The heavy red wire to terminal 30 (large stud) on the starter goes directly from the main battery to the starter - no swtches or fuses, so it is always live. The switching for it is done by the starter solenoid. The medium red wire goes directly from the alternator to the starter terminal 30, joining the battery wire. So this is the wire that provides power and charges the battery when the engine is running.

On most models there is only one wire on terminal 50 (the starter solenoid), that comes directly from the ignition switch, start position. with the switch in the "start" position this provides 12V to the solenoid, which moves to engage the starter gear to the flywheel and als switches the 12V from the heavy battery wire to the starter motor. From the diagrams this should be red/black

With an automatic transmission the wire from the starter switch goes through a neutral safety switch, so the starter will only engage when in neutral. If the safety switch fails, no start!

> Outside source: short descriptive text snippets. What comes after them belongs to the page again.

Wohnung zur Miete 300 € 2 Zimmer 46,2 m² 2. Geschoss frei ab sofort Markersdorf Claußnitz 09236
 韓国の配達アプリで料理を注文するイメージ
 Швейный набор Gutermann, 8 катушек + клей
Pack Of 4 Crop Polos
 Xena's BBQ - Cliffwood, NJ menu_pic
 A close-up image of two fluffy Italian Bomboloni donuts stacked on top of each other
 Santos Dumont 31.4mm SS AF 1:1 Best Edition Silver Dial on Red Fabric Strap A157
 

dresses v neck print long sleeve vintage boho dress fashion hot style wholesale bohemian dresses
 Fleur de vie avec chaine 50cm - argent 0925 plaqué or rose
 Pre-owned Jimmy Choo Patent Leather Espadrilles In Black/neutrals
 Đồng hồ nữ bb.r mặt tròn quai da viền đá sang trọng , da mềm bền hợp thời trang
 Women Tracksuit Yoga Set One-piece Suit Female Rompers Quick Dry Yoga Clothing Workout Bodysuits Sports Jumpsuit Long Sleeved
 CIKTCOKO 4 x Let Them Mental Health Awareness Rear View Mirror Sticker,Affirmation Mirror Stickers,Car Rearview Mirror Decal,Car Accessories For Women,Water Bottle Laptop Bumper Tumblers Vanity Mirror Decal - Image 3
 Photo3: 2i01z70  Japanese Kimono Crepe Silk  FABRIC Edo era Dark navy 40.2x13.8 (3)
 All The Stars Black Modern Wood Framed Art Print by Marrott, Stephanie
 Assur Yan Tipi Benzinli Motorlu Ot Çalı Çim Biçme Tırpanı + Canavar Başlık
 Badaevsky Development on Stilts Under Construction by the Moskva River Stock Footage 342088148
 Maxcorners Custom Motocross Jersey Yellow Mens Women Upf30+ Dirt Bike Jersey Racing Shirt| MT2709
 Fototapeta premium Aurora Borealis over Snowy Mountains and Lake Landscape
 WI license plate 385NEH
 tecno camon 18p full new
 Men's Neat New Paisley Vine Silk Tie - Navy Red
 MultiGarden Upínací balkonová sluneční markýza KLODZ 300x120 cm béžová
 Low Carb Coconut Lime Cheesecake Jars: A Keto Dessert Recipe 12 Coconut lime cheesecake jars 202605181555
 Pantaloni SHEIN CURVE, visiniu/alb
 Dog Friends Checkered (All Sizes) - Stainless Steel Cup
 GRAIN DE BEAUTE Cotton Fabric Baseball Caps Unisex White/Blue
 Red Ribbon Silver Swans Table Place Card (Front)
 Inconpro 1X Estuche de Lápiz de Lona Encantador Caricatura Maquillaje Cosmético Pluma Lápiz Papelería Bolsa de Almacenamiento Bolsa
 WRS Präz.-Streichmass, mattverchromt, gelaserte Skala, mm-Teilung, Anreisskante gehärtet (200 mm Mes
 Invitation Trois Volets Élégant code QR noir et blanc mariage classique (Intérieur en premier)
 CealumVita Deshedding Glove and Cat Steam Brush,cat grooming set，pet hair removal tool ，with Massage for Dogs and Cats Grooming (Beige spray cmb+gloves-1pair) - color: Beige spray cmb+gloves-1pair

Some models with an AUX battery add a 4th wire (normally also red/black) that goes to an AUX battery relay, but not all campers have this.

It's also possible that a prior owner ran the 4th wire as a bypass because of a starting problem.

For troubleshooting I'd connect a voltmeter to terminal 50 of the starter (thin wires) check voltage to ground (chassis) - run the leads to a safe location - while someone turns the ignition switch to "start" and see what voltage you have.

I've had Vanagon starters fail where even with 12V at the solenoid they wouldn't even click. Others where the voltage from the ignition switch was low due to burned contacts in the ignition switch. Others that would start when "whacked" (stuck solenoid), or would start cold, but not hot.

So checking voltage to the solenoid from the ignition switch is a good starting point to figure out what is wrong. The electrical portion of the starter switch is a frequent failure, but is cheap and easy to change.